Не хочу. Не хочу больше так вовлекаться. Сейчас он искупается, засобирается на работу, а я снова почувствую себя полной идиоткой. Но мое едва зародившееся раздражение тут же сходит на нет, как только мы заходим в ванную и Артур, оглядывая все это взглядом, полными чистейшего восторга, говорит:

— Ого! Вот это класс! Вот это реально класс!

— Нравится? — я смущенно улыбаюсь, как будто лично спроектировала и провела этот дизайнерский проект. — Самое любимое место в доме. Тоже очень его люблю.

— Нравится? Шутишь? Я бы здесь жил! — Артур, успев снять обувь ещё внизу, проходит босыми ногами по слегка скрипучему деревянному полу, с интересом пробуя крепления и кирпичную кладку. — Классные стены. Добротные, — говорит он. — Люблю, когда работа так хорошо сделана.

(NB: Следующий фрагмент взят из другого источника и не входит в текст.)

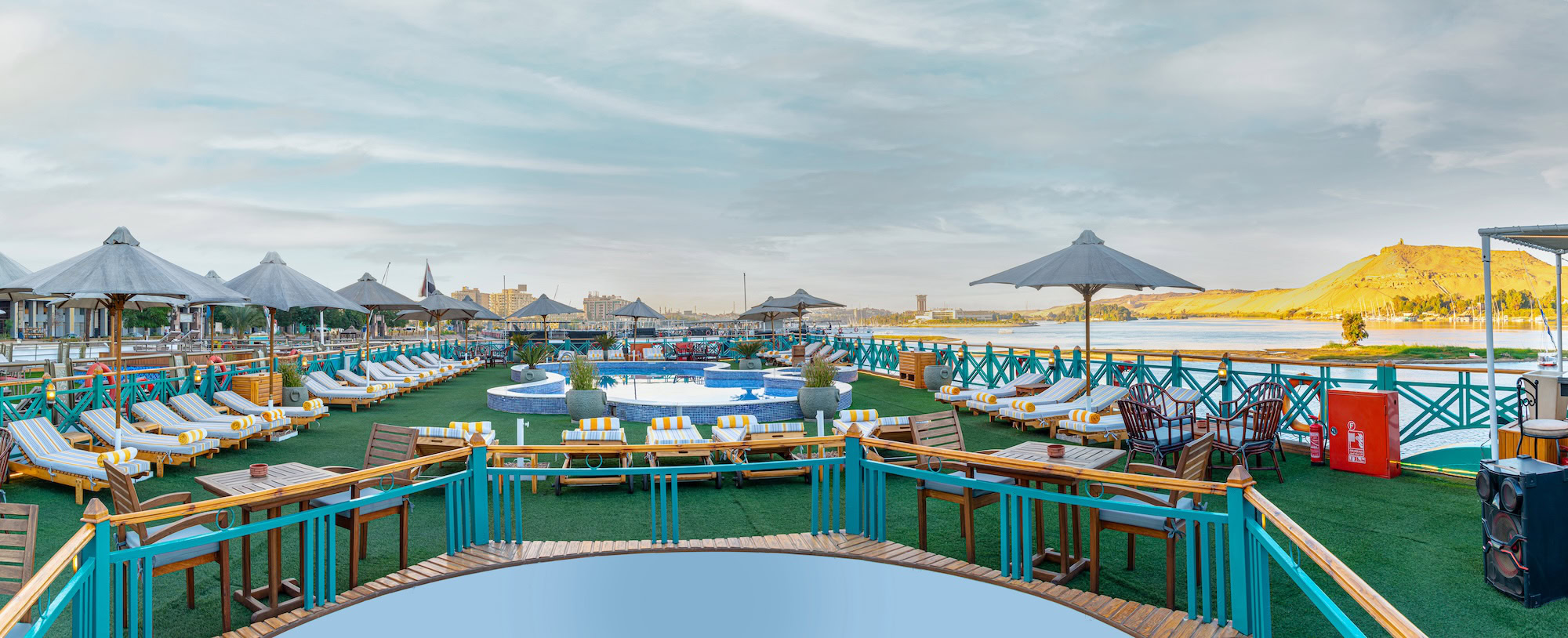 Luxurious Nile cruise ship deck with swimming pool, sun loungers, and umbrellas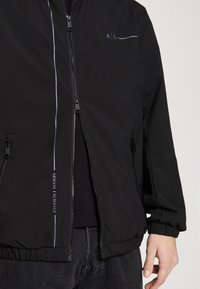 Svart, lätt bomberjacka med sidodragkedjor, elastiska ärmslut och en diskret blå logotypdesign på bröstet och sidopanelen.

Пригибая голову, прячу улыбку. Мне не понять такие земные, хозяйские восторги, но ему это приносит истинное удовольствие, и я радуюсь вместе с ним. Хоть и ни черта не понимаю в этих креплениях.

— Ванную? — призывным жестом показываю на место, где умудрилась заснуть, так там удобно — и получаю неожиданный ответ.

— Я не люблю ванную. Слишком расслабляет, — добавляет он. — Я в душ, — Артур показывает на кабинку и, открывая ее, восхищенно присвистывает. — Вот это моя тема! Гель с клубничкой можно? — слышу по голосу, что он смеётся.

— Можно-можно, — беззлобно ворчу я, все ещё испытывая удивление, как можно не любить лежать в ванной. — Одежду бросишь в стиралку, уговор? Я поставлю потом на цикл с быстрой сушкой.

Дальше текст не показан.